Ideas on NBA Bets

John Pentakalos
4 min readDec 10, 2020
Overrated???
Overrated???

As long as I’ve been interested in following sports, I’ve been very into the idea of sports betting. I’ll be the first to admit it’s not exactly a friendly market to bettors. It’s a zero-sum game where no money is actually being created, meaning every penny that betting sites earn has to be taken from someone else’s pockets. When you consider how huge companies like Draftkings and FanDuel have gotten, each generating hundreds of millions in annual revenue, that’s some compelling evidence that the betting sites are pretty darn good at what they do. It’s basically hopeless for a casual bettor to profitably “truly beat” any of these betting sites.

That said, the sportsbook and bettor have totally different constraints on how they make their predictions. The two key advantages for the bettor I think are:

Volume of predictions

You can go on to any of these sportsbooks and you’ll find hundreds of different lines you can bet on, updated live. As a bettor you’re under no obligation to generate hundreds of live predictions daily. You can be selective and only bet on lines that you find most favorable. My hope then is that in order to cast as wide a net as possible, the sportsbooks have sacrificed some level of rigor in their predictions, while still generating net profit on each line.
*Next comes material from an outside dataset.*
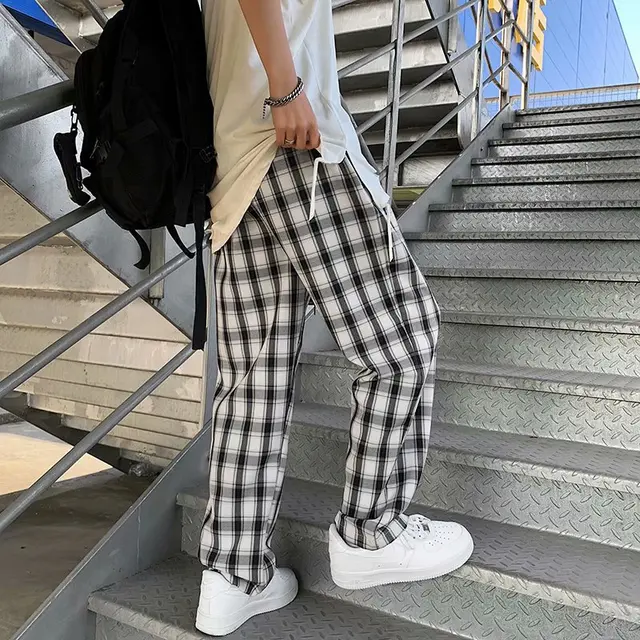 de cuadros blancos y negros para hombre, pantalón informal de pierna ancha, holgado, para estudiantes, Coreano|Pantalones informales| - AliExpress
When setting lines, incentives for the sportsbook aren’t perfectly aligned with accuracy

The way for a sportsbook to make money is through the “juice” in the lines they set. On standard lines, the house has the equivalent of a 2.4% edge on every bet (it’s frequently even higher). So their optimal scenario is an even 50–50 split from bettors leaving them a guaranteed profit. To accommodate this, they’ll often shift lines away from their original predictions to entice bettors to even out the spread, even as they’re sacrificing accuracy in the process.

The short of this is, this opens some window of opportunity for you as the bettor to move your opponent from the sportsbook to other bettors. If you can tease out where these weaknesses exist, you’ll be able to bet profitably without ever needing to dream up some sort of prediction model that’s more accurate than the sportsbook’s.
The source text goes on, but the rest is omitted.